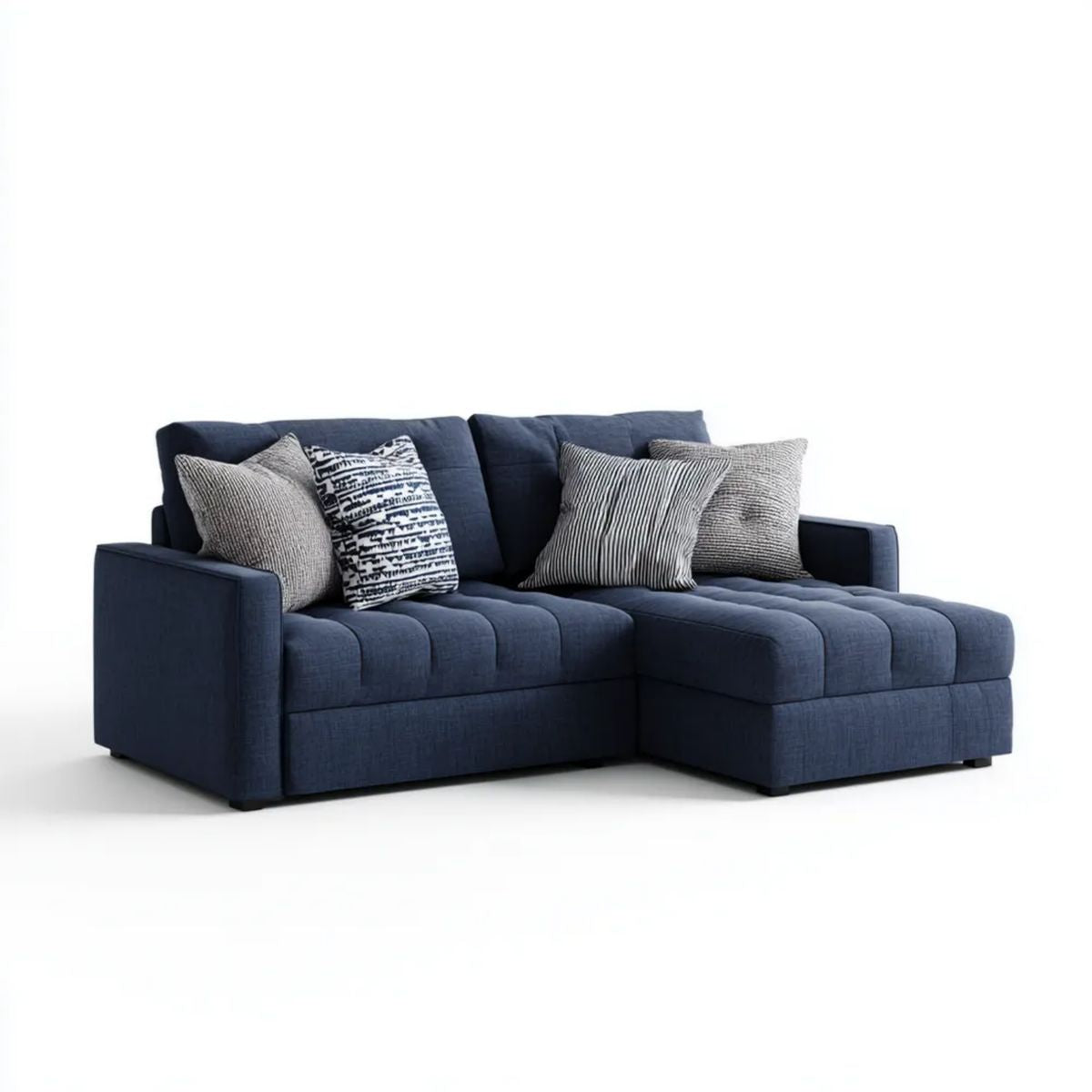 Sofa, 3-osobowa sofa firanki granatowy w poliestrowej tkaniny firankowej z szezlongiem firanki, 230 x 150 x 85 cm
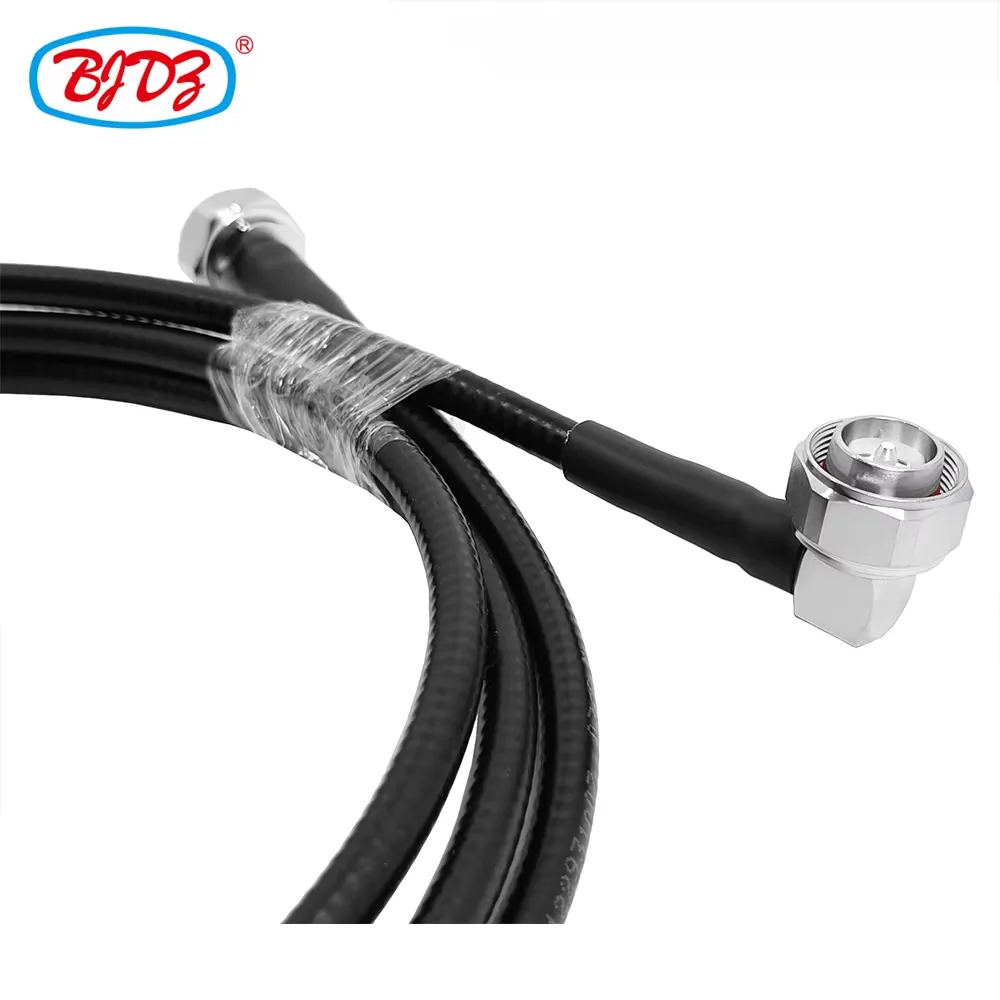 4.3-10 Male Plug to 4.3-10 Male 90 Degree Right Angle for 1/4'' Foam Super Flexible Telecommunication 1/4 Superflex Cable
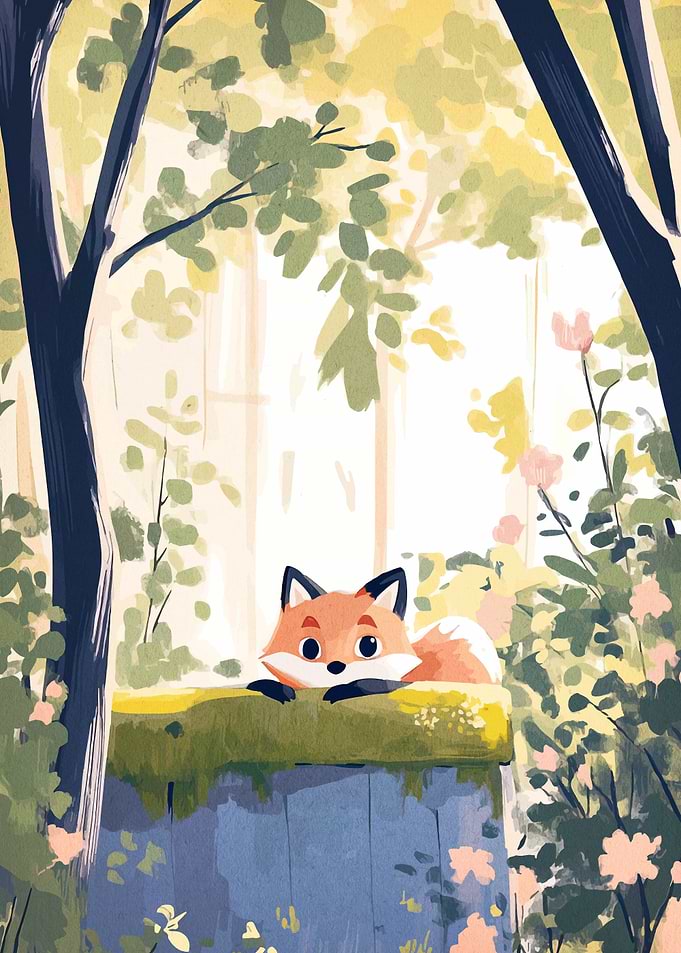 Cute Fox in Forest Illustration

Aim of the exercise. Pictures aside, print every line of the material exactly.

Task result.
 Sofa, 3-osobowa sofa firanki granatowy w poliestrowej tkaniny firankowej z szezlongiem firanki, 230 x 150 x 85 cm
 4.3-10 Male Plug to 4.3-10 Male 90 Degree Right Angle for 1/4'' Foam Super Flexible Telecommunication 1/4 Superflex Cable
 Cute Fox in Forest Illustration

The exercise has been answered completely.